There are four guiding principles of the Thrive Approach:

  • Every child is a unique person, constantly developing and learning in different ways and at different rates, each with his/her own abilities, talents and potential to be fulfilled.
  • Children’s healthy development, emotional well-being and learning are crucially dependent upon, and promoted through, positive relationships.
  • Children flourish when they are confident, self-assured, capable and resilient.

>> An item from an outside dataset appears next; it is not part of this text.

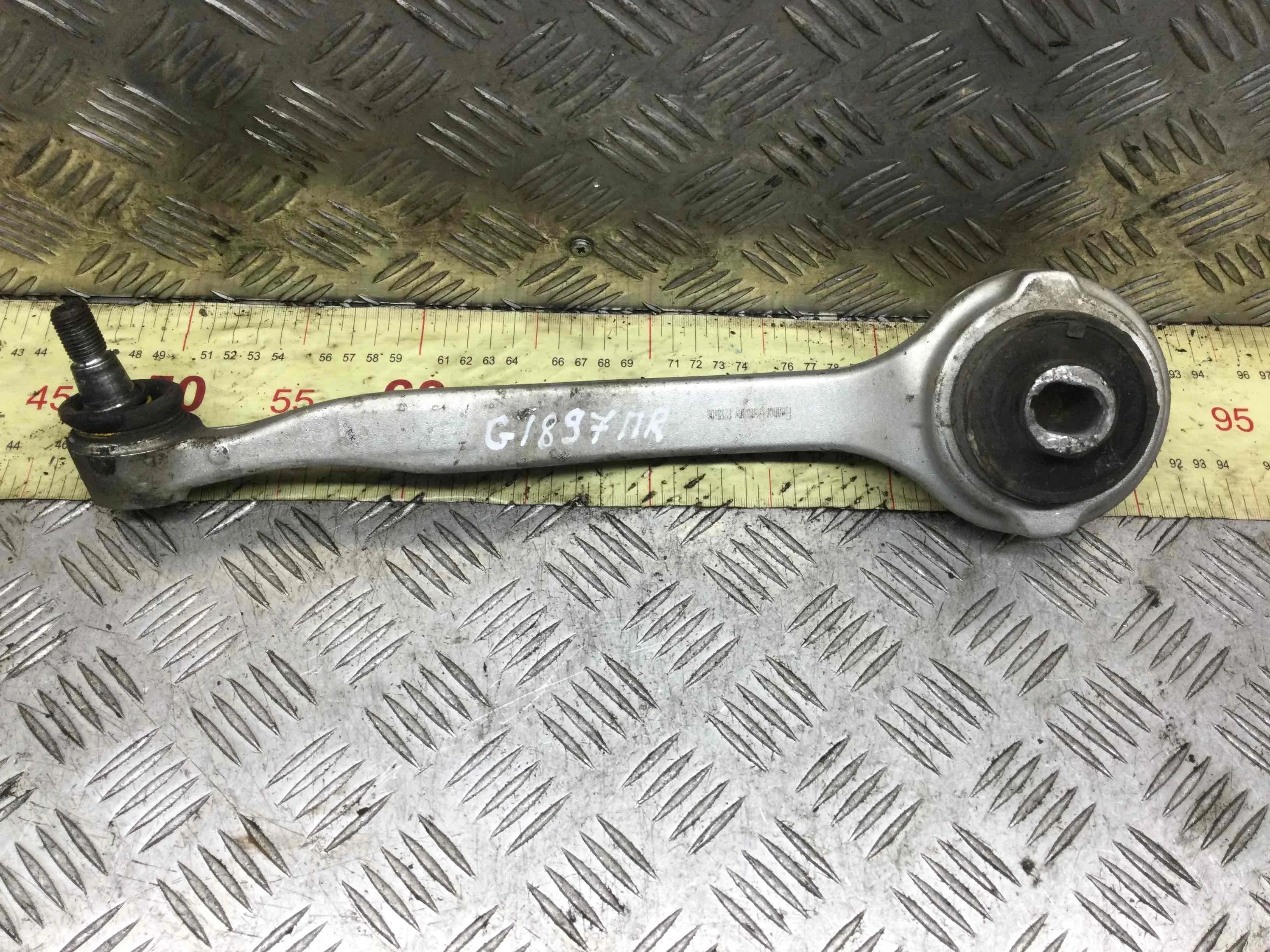 Рычаг передний правый Mercedes C-klasse W203/S203/CL203 (2000-2004) бензин 2.0 i Механика Купе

Children thrive in enabling environments, in which their individual development, learning experiences and needs are understood, responded to and supported through strong partnerships with parents/carers.

 


The Thrive Relate-Rupture-Repair Cycle

The Relate-Rupture-Repair Cycle is at the heart of building trusting and safe relationships between adults and children. The phases in this cycle are as follows;


 Relate

  • The ‘relate’ phase refers to the times in a relationship when we feel connected and attuned with one another
  • Things are going well, and we are making efforts to maintain this positive and mutually beneficial relationship.
  • We are effectively building a bridge of connection between ourselves and the other person.
  • Caregivers and their infants start building this bridge from before the baby is born and continue to build it after birth and throughout the child's life.
  • In the relate phase of the cycle, the adult can monitor their own emotional state and can regulate themselves to be optimally present and accessible for the child.
  • The adult can connect with the child and focus on their needs being met. The adult is present and can contain the child’s emotional experience for them.
  • The connection between the two is reciprocal.


 Rupture

  • The ‘rupture’ phase refers to those times in a relationship where there is a misunderstanding or when we don’t get it right for the other person and we feel like the relationship experiences a setback.
  • At this point the bridge of connection might feel weakened or more vulnerable.
  • Although we might think of ruptures as being problematic and therefore to be avoided where possible, in fact, they are an inevitable part of any relationship.
  • They become a crucial component in the relationship when the rupture is subsequently repaired because this helps to develop the child’s resilience.
  • Ongoing attunement between the emotionally available adult and the child will inevitably move through different phases, being at times fully synchronised and all-encompassing and at other times disconnected and misattuned.


Repair

  • The ‘repair’ phase of the cycle involves correcting the misunderstanding or misattunement of the rupture i.e. non-judgemental
  • We must try to share understanding of intentions, feelings, thoughts and actions in order to come back into relationship. Make your intentions transparent and communicated (think aloud).
  • The repair part of the cycle is an essential component of healthy growth, boosting our resilience and helping us to cope with challenges by giving us greater trust that difficulties can be resolved.
  • The emotionally available adult becomes aware that there is a misattunement between him/herself and the child.
  • The adult is able to deal appropriately with their own reaction, in that moment, to stay regulated
  • They are then able to reach out to the child and repair the rupture in their relationship.
  • The adult may do this by apologising and reaffirming the attuning and validating stance, and by demonstrating acceptance, curiosity and empathy to the child.
  • In this situation the adult has the capacity to stay steady and regulated in the presence of the dysregulated child.
  • By repairing the relationship, the child’s arousal state can settle and the relationship can continue in an attuned way. 
  • The adult must always repair the relationship, not the child.